> [Supplied material]:

+++

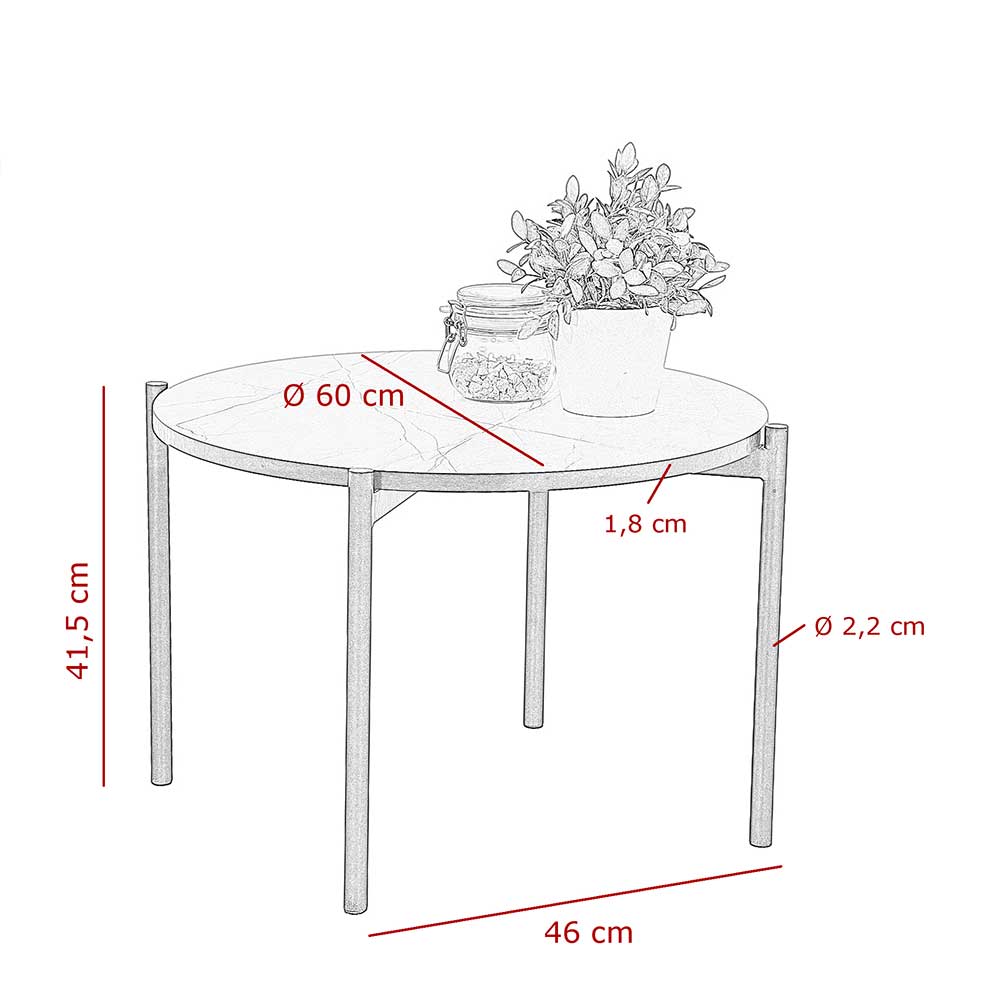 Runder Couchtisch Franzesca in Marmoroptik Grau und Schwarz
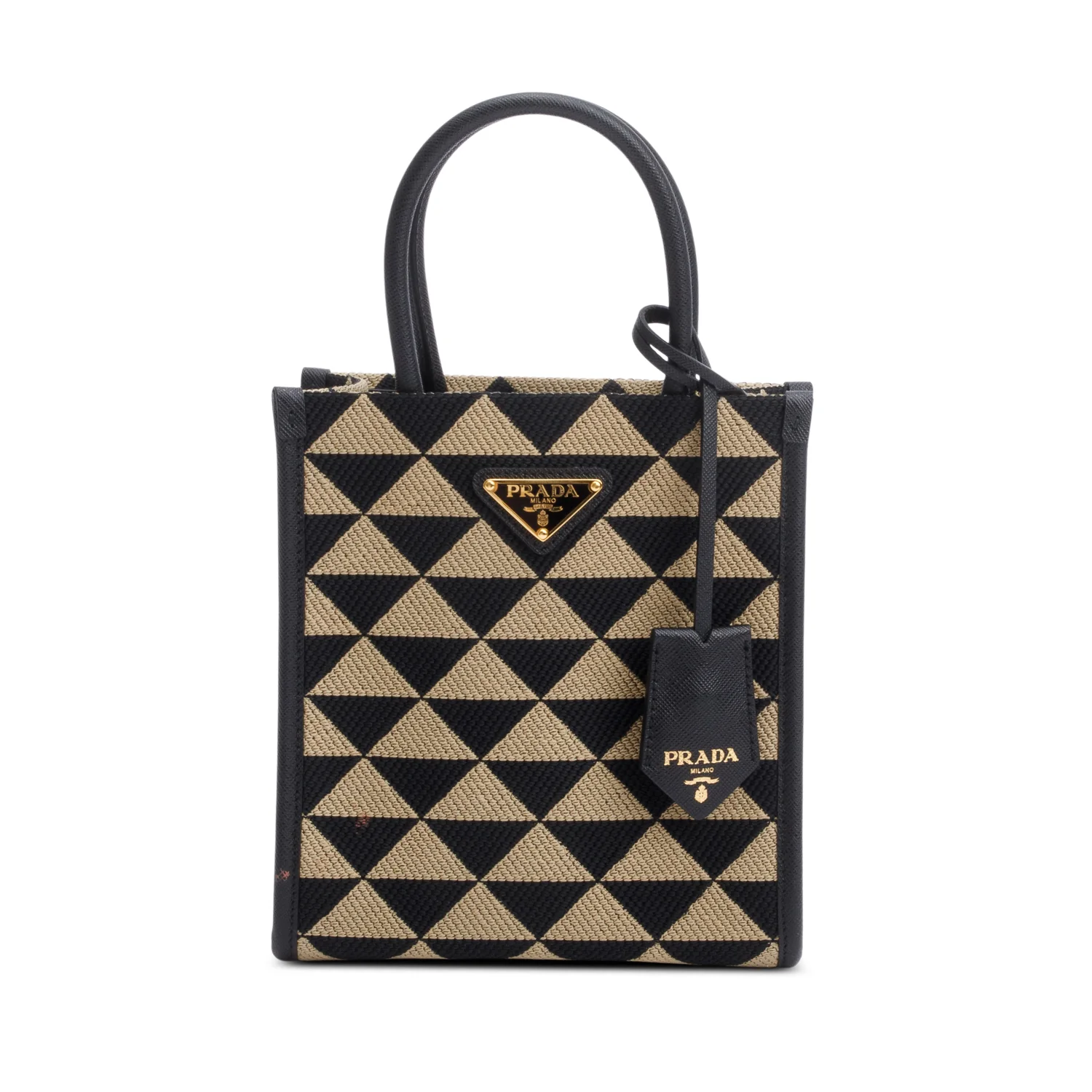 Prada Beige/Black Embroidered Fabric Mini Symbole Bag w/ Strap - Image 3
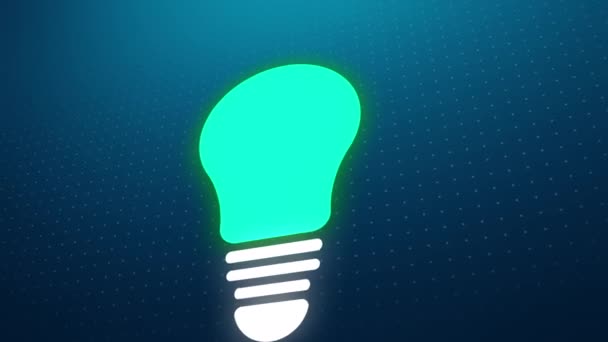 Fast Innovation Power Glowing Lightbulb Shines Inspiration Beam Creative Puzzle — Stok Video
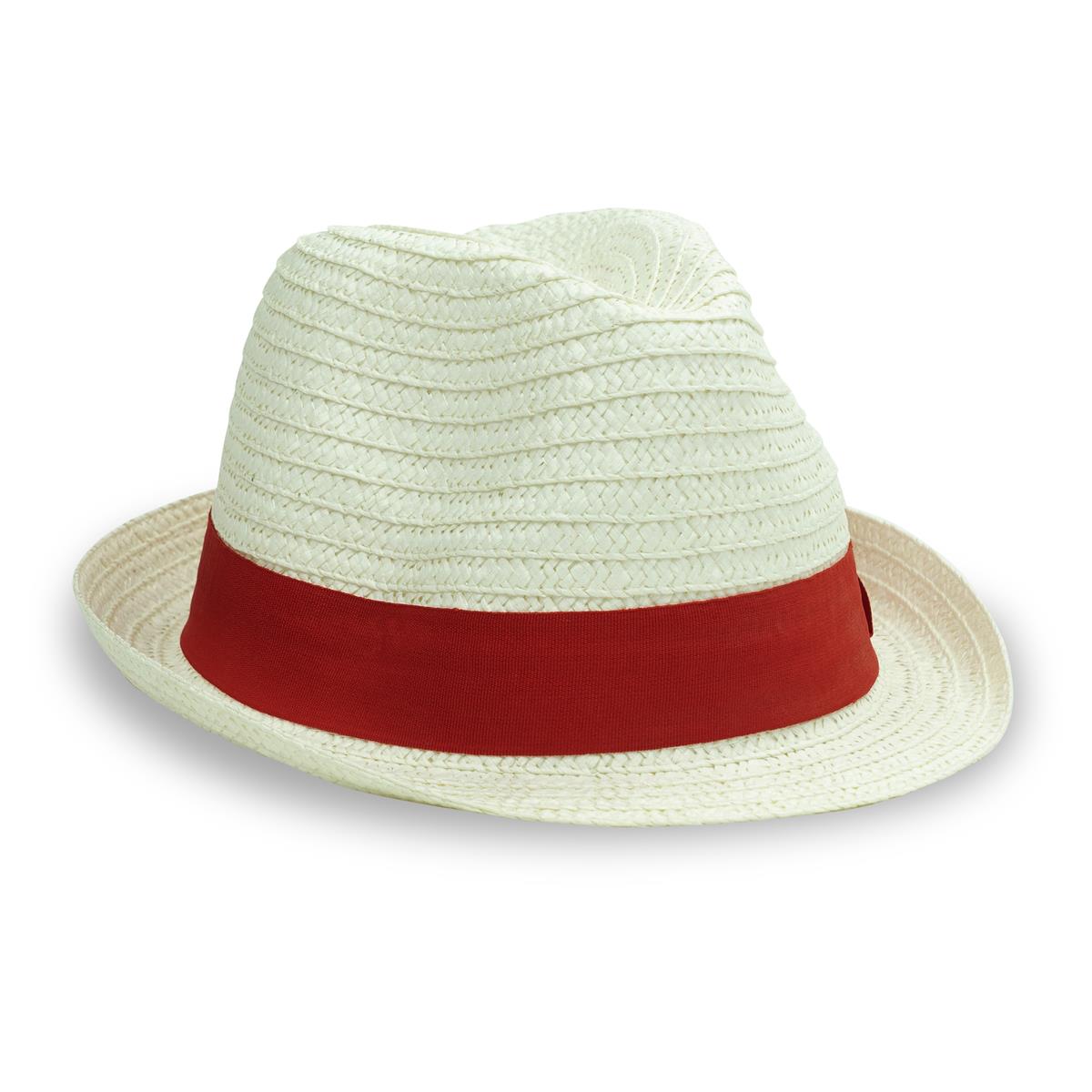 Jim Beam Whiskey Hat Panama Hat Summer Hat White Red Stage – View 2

+++

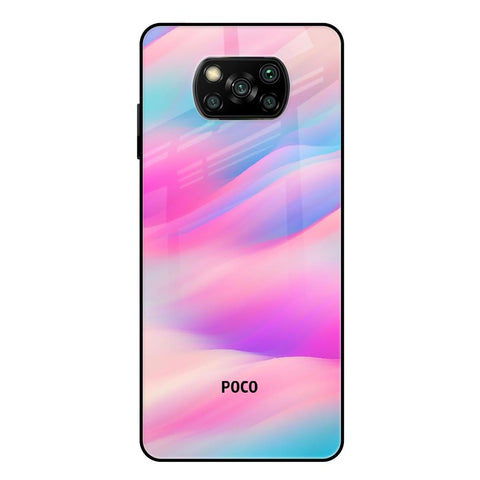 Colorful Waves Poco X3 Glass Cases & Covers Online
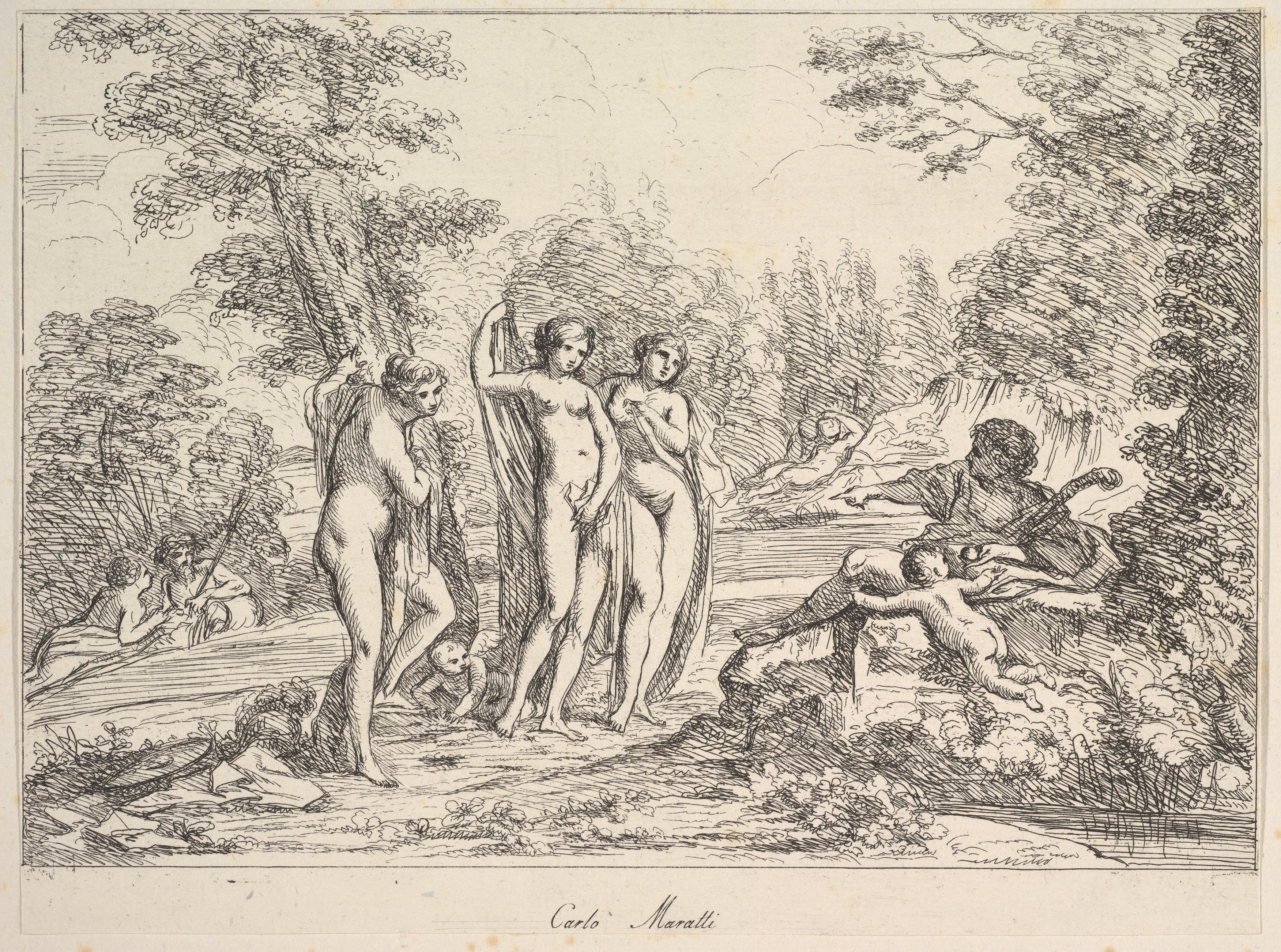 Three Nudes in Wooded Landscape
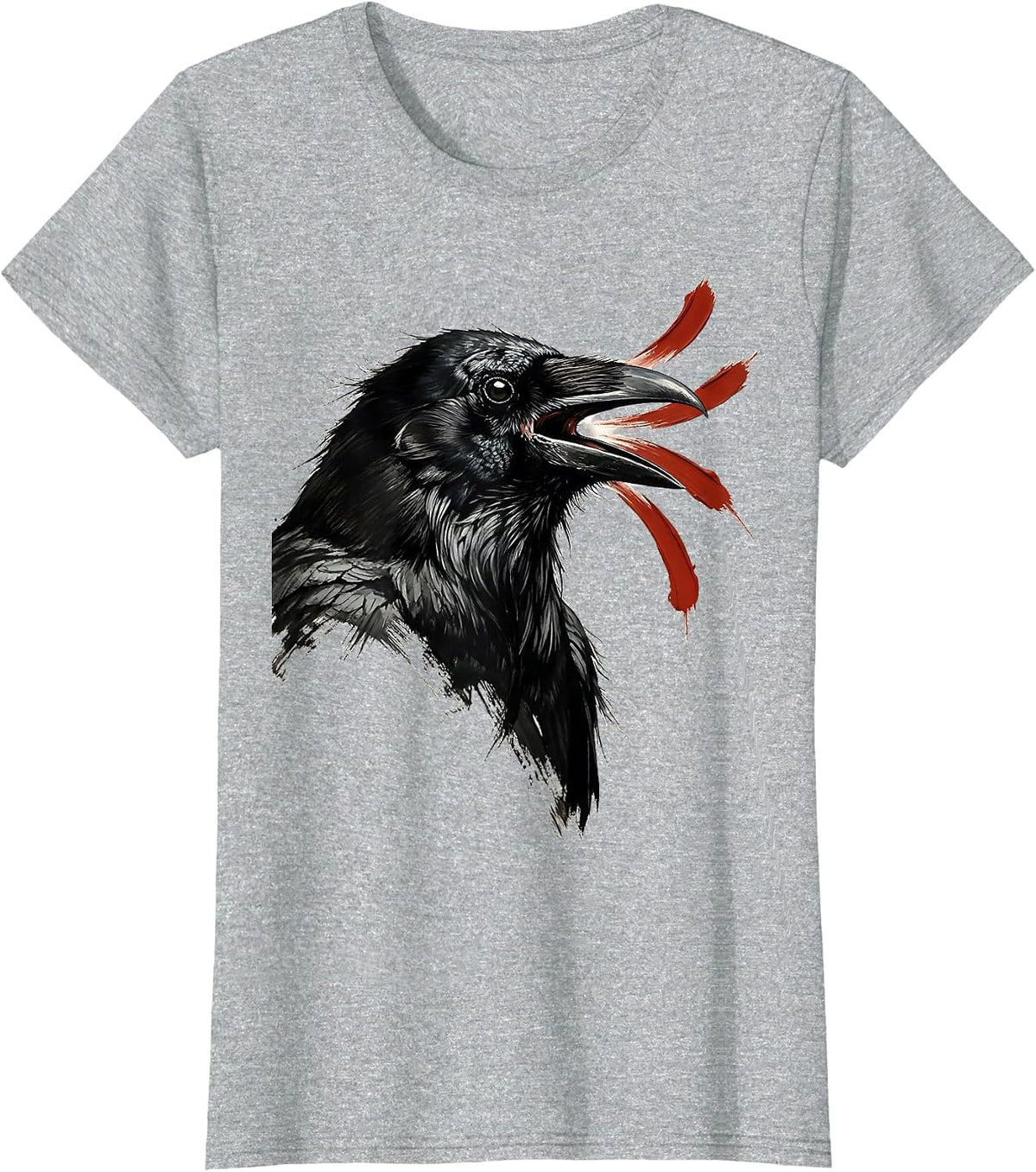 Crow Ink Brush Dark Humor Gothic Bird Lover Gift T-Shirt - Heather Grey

+++

> [Assigned task]: Working from the data above, repeat exactly, and only, the lines that begin at the line containing "Fast Innovation Power" and stop after the line containing "Jim Beam Whiskey"; pictures are not copied.

> [Answer below]:
 Fast Innovation Power Glowing Lightbulb Shines Inspiration Beam Creative Puzzle — Stok Video
 Jim Beam Whiskey Hat Panama Hat Summer Hat White Red Stage – View 2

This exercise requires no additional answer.